If the rule is met for a stretch and then breaks (a row drops back to ⚠), the recommendation comes OUT — the data has changed and the product decision needs to change with it.

When the alert workflow fires

.github/workflows/model-discovery-alert.yml opens (or comments on) a GitHub issue when an observational row goes fully dark — at least one scenario scoring 0/N. The trigger is narrow on purpose: a row at 4/10 is normal variance, but a row at 0/N means the provider is gone, the model id has rotated, or the upstream is unreachable.

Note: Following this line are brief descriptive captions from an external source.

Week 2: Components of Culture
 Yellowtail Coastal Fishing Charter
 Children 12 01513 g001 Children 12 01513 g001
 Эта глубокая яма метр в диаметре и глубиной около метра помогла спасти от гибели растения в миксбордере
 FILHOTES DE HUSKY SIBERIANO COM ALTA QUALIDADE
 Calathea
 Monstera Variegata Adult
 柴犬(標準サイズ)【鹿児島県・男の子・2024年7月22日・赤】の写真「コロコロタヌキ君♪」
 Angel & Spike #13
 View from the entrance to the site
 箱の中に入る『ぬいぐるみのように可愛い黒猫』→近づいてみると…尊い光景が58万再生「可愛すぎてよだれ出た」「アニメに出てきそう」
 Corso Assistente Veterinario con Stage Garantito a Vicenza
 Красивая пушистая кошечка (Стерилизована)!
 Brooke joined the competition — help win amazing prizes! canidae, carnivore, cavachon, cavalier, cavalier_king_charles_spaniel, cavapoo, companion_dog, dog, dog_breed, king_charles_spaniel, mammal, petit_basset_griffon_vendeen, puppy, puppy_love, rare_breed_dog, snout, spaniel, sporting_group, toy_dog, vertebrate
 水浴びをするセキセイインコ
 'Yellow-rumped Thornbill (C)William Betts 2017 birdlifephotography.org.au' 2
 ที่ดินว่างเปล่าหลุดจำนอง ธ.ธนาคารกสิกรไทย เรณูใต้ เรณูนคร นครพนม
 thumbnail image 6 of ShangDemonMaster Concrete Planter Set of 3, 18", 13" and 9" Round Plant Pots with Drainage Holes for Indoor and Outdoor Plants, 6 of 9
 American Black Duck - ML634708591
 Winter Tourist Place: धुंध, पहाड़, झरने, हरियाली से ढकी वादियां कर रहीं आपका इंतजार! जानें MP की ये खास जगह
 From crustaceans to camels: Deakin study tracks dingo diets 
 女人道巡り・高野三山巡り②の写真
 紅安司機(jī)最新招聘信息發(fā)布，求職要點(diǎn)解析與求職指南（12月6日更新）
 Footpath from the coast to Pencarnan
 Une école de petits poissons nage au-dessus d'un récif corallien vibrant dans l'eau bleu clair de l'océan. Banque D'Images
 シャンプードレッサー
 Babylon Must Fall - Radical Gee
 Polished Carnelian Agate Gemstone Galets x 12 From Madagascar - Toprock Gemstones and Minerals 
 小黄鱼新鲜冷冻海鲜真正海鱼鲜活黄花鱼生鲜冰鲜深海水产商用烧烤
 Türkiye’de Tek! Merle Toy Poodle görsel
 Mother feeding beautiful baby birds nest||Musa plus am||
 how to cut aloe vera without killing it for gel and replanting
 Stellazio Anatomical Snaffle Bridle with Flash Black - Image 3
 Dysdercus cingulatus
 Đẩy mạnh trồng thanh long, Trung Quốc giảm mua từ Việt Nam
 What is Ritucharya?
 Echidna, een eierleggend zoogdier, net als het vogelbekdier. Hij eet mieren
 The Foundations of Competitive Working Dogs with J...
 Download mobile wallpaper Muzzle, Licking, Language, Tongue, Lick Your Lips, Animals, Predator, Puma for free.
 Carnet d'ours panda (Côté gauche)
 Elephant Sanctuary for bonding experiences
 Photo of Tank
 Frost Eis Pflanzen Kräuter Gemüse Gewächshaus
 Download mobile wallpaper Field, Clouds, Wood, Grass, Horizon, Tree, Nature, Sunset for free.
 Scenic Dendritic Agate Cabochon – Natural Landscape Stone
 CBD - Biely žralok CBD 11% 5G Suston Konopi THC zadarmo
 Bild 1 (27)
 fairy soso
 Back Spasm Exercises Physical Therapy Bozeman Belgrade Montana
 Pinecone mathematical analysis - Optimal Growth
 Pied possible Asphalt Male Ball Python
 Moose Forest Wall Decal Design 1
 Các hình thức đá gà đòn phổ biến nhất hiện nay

The issue title carries the model id; subsequent weeks comment on the existing issue rather than open duplicates. Maintainers close the issue once they swap the matrix pin or the provider returns.

Triggering the matrix manually

gh workflow run model-discovery.yml

Or via the UI: Actions → "model-discovery" → "Run workflow". Optional input attempts lets you shorten the per-model attempt count for a faster ad-hoc run (default 10).

What's NOT in this workflow

  • Cost tracking. All four models are free-tier; the wall-clock budget is the only real constraint, and even a fully-throttled matrix run fits inside GitHub Actions' 6-hour job ceiling.
  • A long-term trend dashboard. The 30-day artifact retention is enough to grep recent results. A Docusaurus page rendering per-scenario score trends across weekly runs is a follow-up if maintainers find themselves diffing artifacts often.
  • Auto-swap of the required row when an observational row outperforms it. The pinned-model decision is deliberately manual — it triggers MODEL_LAST_VERIFIED updates and requires a maintainer to confirm the new pin is the right cheap-model proxy.